▸ Activity
Copy the material below exactly, but only from the line with "fiança, integridade, capacitação" onward, the final line included.

* * * *

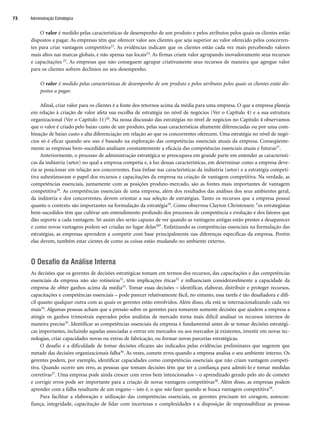 O valor é medido pelas características de desempenho de um produto e pelos atributos pelos quais os clientes estão
dispostos a pagar. As empresas têm que oferecer valor aos clientes que seja superior ao valor oferecido pelos concorren-
tes para criar vantagem competitiva23. As evidências indicam que os clientes estão cada vez mais percebendo valores
mais altos nas marcas globais, e não apenas nas locais24. As firmas criam valor agrupando inovadoramente seus recursos
e capacitações 25. As empresas que não conseguem agrupar criativamente seus recursos de maneira que agregue valor
para os clientes sofrem declínios no seu desempenho.
O valor é medido pelas características de desempenho de um produto e pelos atributos pelos quais os clientes estão dis-
postos a pagar.
Afinal, criar valor para os clientes é a fonte dos retornos acima da média para uma empresa. O que a empresa planeja
em relação à criação de valor afeta sua escolha de estratégia no nível de negócios (Ver o Capítulo 4) e a sua estrutura
organizacional (Ver o Capítulo 11)26. Na nossa discussão das estratégias no nível de negócios no Capítulo 4 observamos
que o valor é criado pelo baixo custo de um produto, pelas suas características altamente diferenciadas ou por uma com-
binação de baixo custo e alta diferenciação em relação ao que os concorrentes oferecem. Uma estratégia no nível de negó-
cios só é eficaz quando seu uso é baseado na exploração das competências essenciais atuais da empresa. Conseqüente-
mente as empresas bem–sucedidas analisam constantemente a eficácia das competências essenciais atuais e futuras27.
Anteriormente, o processo de administração estratégica se preocupava em grande parte em entender as característi-
cas da indústria (setor) no qual a empresa competia e, à luz dessas características, em determinar como a empresa deve-
ria se posicionar em relação aos concorrentes. Essa ênfase nas características da indústria (setor) e a estratégia competi-
tiva subestimavam o papel dos recursos e capacitações da empresa na criação de vantagem competitiva. Na verdade, as
competências essenciais, juntamente com as posições produto-mercado, são as fontes mais importantes de vantagem
competitiva28. As competências essenciais de uma empresa, além dos resultados das análises dos seus ambientes geral,
da indústria e dos concorrentes, devem orientar a sua seleção de estratégias. Tanto os recursos que a empresa possui
quanto o contexto são importantes na formulação da estratégia29. Como observou Clayton Christensen: os estrategistas
bem-sucedidos têm que cultivar um entendimento profundo dos processos de competência e evolução e dos fatores que
dão suporte a cada vantagem. Só assim eles serão capazes de ver quando as vantagens antigas estão prestes a desaparecer
e como novas vantagens podem ser criadas no lugar delas30. Enfatizando as competências essenciais na formulação das
estratégias, as empresas aprendem a competir com base principalmente nas diferenças específicas da empresa. Porém
elas devem, também estar cientes de como as coisas estão mudando no ambiente externo.
O Desafio da Análise Interna
As decisões que os gerentes de decisões estratégicas tomam em termos dos recursos, das capacitações e das competências
essenciais da empresa não são rotineiras31, têm implicações éticas32 e influenciam consideravelmente a capacidade da
empresa de obter ganhos acima da média33. Tomar essas decisões – identificar, elaborar, distribuir e proteger recursos,
capacitações e competências essenciais – pode parecer relativamente fácil, no entanto, essa tarefa é tão desafiadora e difí-
cil quanto qualquer outra com as quais os gerentes estão envolvidos. Além disso, ela está se internacionalizando cada vez
mais34. Algumas pessoas acham que a pressão sobre os gerentes para tomarem somente decisões que ajudem a empresa a
atingir os ganhos trimestrais esperados pelos analistas de mercado torna mais difícil analisar os recursos internos de
maneira precisa35. Identificar as competências essenciais da empresa é fundamental antes de se tomar decisões estratégi-
cas importantes, incluindo aquelas associadas a entrar em mercados ou aos mercados já existentes, investir em novas tec-
nologias, criar capacidades novas ou extras de fabricação, ou formar novas parcerias estratégicas.
O desafio e a dificuldade de tomar decisões eficazes são indicados pelas evidências preliminares que sugerem que
metade das decisões organizacionais falha36. Às vezes, comete erros quando a empresa analisa o seu ambiente interno. Os
gerentes podem, por exemplo, identificar capacidades como competências essenciais que não criam vantagem competi-
tiva. Quando ocorre um erro, as pessoas que tomam decisões têm que ter a confiança para admiti-lo e tomar medidas
corretivas37. Uma empresa pode ainda crescer com erros bem intencionados – o aprendizado gerado pelo ato de cometer
e corrigir erros pode ser importante para a criação de novas vantagens competitivas38. Além disso, as empresas podem
aprender com a falha resultante de um engano – isto é, o que não fazer quando se busca vantagem competitiva39.
Para facilitar a elaboração e utilização das competências essenciais, os gerentes precisam ter coragem, autocon-
fiança, integridade, capacitação de lidar com incertezas e complexidades e a disposição de responsabilizar as pessoas
Administração Estratégica
72
CapHITT03.qxd 21.09.07 17:47 Page 72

* * * *

▸ Response area
fiança, integridade, capacitação de lidar com incertezas e complexidades e a disposição de responsabilizar as pessoas
Administração Estratégica
72
CapHITT03.qxd 21.09.07 17:47 Page 72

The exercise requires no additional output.